* [Exercise prompt] Work through the listing below and give again exactly the lines from the one with "Bata corta Banana" to the one with "68895255 :رقم المزاد", both ends included. All other lines and all pictures stay out.

* [Task input]
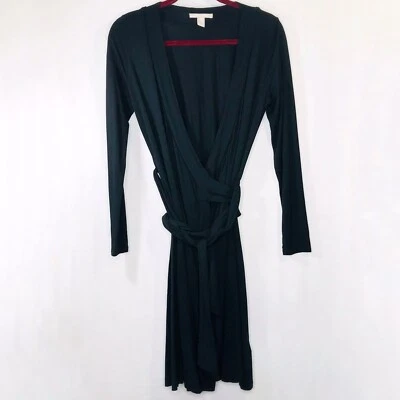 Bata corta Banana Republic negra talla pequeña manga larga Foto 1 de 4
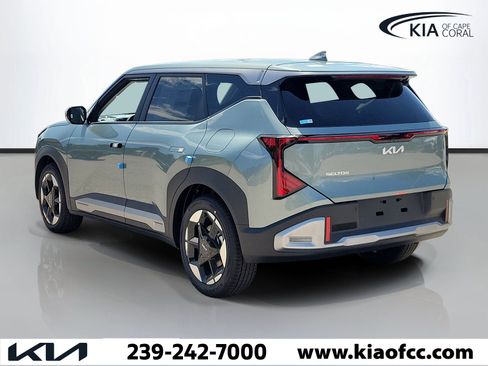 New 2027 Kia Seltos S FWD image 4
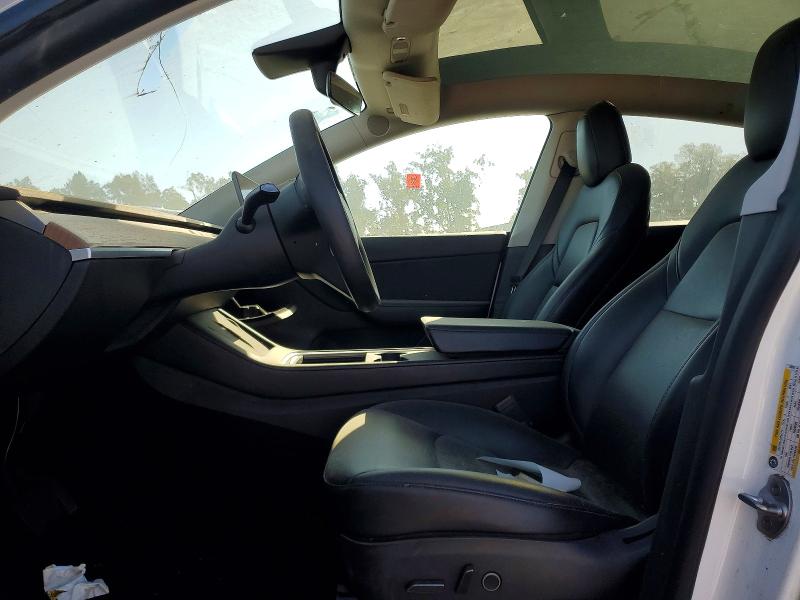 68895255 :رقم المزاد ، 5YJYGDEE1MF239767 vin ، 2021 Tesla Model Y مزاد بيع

==

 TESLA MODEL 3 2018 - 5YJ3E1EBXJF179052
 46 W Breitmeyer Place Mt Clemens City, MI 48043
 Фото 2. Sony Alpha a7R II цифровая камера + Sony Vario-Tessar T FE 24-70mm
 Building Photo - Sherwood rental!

* [Finished exercise]
 Bata corta Banana Republic negra talla pequeña manga larga Foto 1 de 4
 New 2027 Kia Seltos S FWD image 4
 68895255 :رقم المزاد ، 5YJYGDEE1MF239767 vin ، 2021 Tesla Model Y مزاد بيع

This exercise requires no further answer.